(PROBLEM STATEMENT) Every line of the material below that contains the string "болезнь" must appear in the answer.

(PROVIDED DATA)
######
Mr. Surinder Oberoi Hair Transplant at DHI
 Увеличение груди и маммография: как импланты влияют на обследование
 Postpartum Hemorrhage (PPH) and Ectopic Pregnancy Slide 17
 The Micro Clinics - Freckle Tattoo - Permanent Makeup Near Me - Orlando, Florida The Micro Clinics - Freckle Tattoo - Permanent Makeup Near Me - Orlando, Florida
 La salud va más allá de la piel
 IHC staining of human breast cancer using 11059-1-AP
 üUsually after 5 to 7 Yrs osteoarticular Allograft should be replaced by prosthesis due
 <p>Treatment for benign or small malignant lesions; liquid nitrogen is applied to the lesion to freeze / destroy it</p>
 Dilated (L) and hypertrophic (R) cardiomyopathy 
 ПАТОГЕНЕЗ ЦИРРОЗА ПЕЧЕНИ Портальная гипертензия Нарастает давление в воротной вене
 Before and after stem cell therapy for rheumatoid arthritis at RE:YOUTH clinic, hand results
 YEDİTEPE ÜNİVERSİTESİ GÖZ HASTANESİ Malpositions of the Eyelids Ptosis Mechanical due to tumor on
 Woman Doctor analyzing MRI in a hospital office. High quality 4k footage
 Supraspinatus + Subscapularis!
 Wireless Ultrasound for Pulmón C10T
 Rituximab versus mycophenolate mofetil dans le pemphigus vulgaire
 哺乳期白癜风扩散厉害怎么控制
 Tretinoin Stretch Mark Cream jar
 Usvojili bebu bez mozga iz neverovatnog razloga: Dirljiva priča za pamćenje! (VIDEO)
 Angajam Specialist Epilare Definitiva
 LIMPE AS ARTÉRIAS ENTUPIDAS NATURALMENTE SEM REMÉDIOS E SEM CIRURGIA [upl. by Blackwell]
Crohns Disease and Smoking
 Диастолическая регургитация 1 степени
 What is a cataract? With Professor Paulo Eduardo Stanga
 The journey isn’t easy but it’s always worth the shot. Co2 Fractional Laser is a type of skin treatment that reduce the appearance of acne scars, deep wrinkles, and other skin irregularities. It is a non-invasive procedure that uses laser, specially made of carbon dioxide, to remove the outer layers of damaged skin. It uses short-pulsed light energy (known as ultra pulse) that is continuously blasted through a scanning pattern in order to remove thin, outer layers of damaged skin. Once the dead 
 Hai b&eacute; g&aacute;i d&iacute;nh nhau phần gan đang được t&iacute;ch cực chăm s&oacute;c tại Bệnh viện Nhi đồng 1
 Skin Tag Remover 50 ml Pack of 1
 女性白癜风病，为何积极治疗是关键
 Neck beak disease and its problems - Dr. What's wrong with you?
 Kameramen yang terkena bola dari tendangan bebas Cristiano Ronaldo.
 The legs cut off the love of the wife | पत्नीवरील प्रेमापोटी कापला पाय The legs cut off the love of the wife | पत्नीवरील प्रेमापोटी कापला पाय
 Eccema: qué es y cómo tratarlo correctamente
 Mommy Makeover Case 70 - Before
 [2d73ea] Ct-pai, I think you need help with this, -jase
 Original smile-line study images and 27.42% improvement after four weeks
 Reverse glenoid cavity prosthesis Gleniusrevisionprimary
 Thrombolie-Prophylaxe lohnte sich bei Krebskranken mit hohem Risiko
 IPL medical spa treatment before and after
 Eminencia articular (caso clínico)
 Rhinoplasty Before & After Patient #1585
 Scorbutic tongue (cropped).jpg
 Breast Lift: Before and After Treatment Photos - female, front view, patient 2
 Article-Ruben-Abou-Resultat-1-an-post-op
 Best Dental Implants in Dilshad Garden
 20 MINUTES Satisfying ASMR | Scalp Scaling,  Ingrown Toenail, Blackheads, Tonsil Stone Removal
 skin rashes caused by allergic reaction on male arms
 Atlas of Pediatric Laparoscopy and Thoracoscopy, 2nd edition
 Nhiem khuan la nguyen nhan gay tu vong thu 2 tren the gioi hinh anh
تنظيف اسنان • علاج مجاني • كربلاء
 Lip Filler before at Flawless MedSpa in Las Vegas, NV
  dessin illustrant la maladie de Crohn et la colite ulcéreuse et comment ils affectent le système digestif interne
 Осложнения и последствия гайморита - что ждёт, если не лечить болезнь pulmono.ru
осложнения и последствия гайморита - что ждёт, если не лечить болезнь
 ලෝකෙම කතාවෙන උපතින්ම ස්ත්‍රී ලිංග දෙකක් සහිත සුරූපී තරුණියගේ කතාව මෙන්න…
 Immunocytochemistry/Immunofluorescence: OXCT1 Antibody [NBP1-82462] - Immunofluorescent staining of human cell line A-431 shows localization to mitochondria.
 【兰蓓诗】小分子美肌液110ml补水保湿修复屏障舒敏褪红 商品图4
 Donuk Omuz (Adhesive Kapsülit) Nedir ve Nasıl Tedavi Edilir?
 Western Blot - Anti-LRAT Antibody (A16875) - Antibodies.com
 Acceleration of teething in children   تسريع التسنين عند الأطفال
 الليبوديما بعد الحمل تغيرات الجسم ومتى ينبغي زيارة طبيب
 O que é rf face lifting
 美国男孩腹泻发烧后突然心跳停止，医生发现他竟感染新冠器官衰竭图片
######
(ANSWER BELOW)
 Осложнения и последствия гайморита - что ждёт, если не лечить болезнь pulmono.ru
осложнения и последствия гайморита - что ждёт, если не лечить болезнь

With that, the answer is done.